Driving back down from the mountains, we passed the actual processing part of the Melinda Apple Factory. By now, we were all well aware that there were likely no apples to see here – by this time of year, they were all hidden in those airtight caves deep in the mountains. Still, we stopped to watch a rather epic and immersive video on the apple caves while waiting to visit our final landmark, nearby Castle Thun.
Honestly, I’d overindulged a bit on grand architecture during this trip – it happens in Europe sometimes, and Val di Non has one of Italy’s highest concentrations of castles – and thankfully, the castle gods were listening. The English-speaking guide was busy elsewhere, so we got to skip the tour and stroll through the rooms of armour and art self-guided. I quickly retreated to the windswept balcony to take in the far-reaching vistas of my new obsession: apple orchards. Even as an atheist, the Old Testament’s story of temptation was starting to make far more sense.
Is Italy’s Eden one of apples and artificial lakes?
Eager to return to nature, we rounded off our visit to Val di Non at the twin lakes of Coredo and Tavon. This pair of manmade pools form part of the water hydraulics systems in the region – a reminder of how Trentino is green in more ways than one.
With the snow-capped Dolomites looming beyond and the twinkling turquoise waters topped by people paddling on kayaks, these artificial pool could give the likes of Lake Como a run for its money.

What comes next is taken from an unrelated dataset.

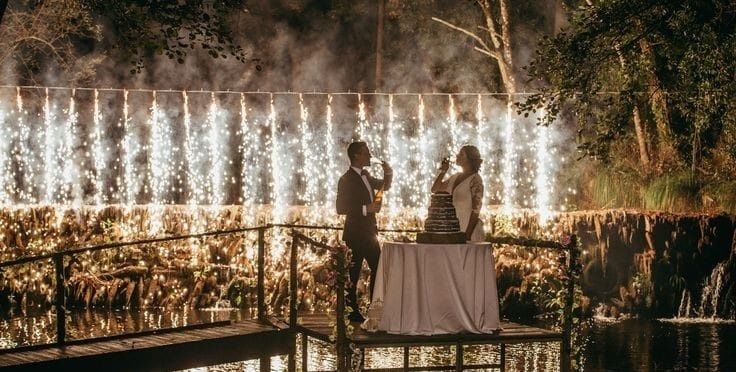 Wodospad iskier, wiatraki iskier, fontanny iskier wesele urodziny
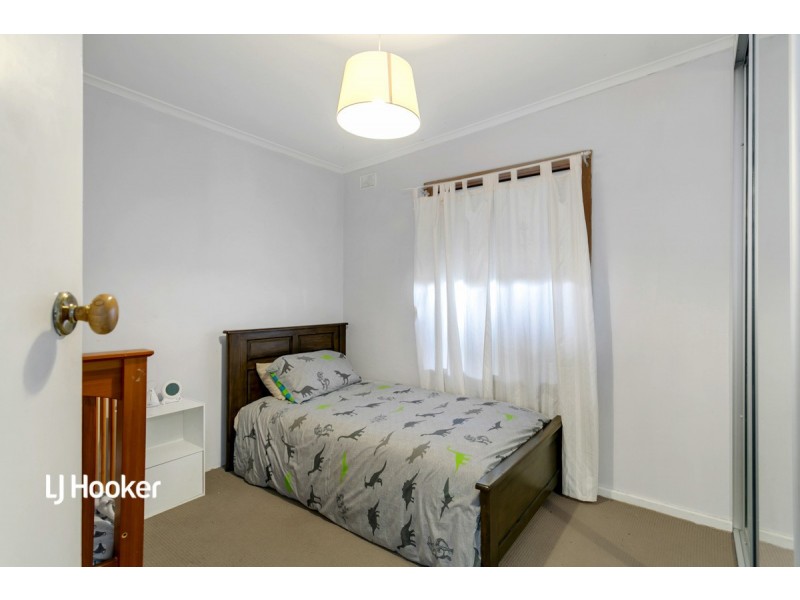 9 Valda Road, Para Hills SA 5096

Having only eaten about 27 courses in two days, it was time for my final bites of Trentino goodness, and Strada della Mela e dei Sapori delle Valli di Non e Sole had brought the goodies, quite literally.
Providing picnic baskets of local treats, nearly everything in our reusable boxes was from Val Di Non, and most importantly, waste was minimal. As you’d imagine of an Italian experience picnic, cheeses and cured meats, honey and chunks of freshly baked bread, and wine and local craft beer to wash it all down were all present.
But this is Val di Non. So, resting in the base of the basket was, of course, an apple, apple juice, and apple crisps. I glanced over at Lisa, who I’d learned the day before had an apple allergy – not the best ailment in this part of the world – and I slid my beer over in exchange for her apple offerings.
I don’t think any of us had quite realised just how much apples would define our visit to a region that we’d mistakenly assumed was all saw-toothed, world-famous peaks. But Val di Non’s apples had done a number on us. The shape of this humble fruit would no longer make me think of Steve Jobs but rather of Trentino’s delightful emerald valley of castles, lakes, vineyards and seemingly never-ending orchards.
Lisa tossed me her apple. It echoed a perfect crunch as I sunk my teeth in. Here, where a bite of the fruit is encouraged, not forbidden, I’d found my own Eden.
How to get to Trentino and Val Di Non: The nearest airport to Trentino is Verona airport, where direct buses go to Trento, or trains run from Verona city centre. Once in Trento, you can use local transport to connect to Val Di Non, although a car might make it easier to explore more of Europe’s hidden gems, which dot Trentino’s sixteen different districts.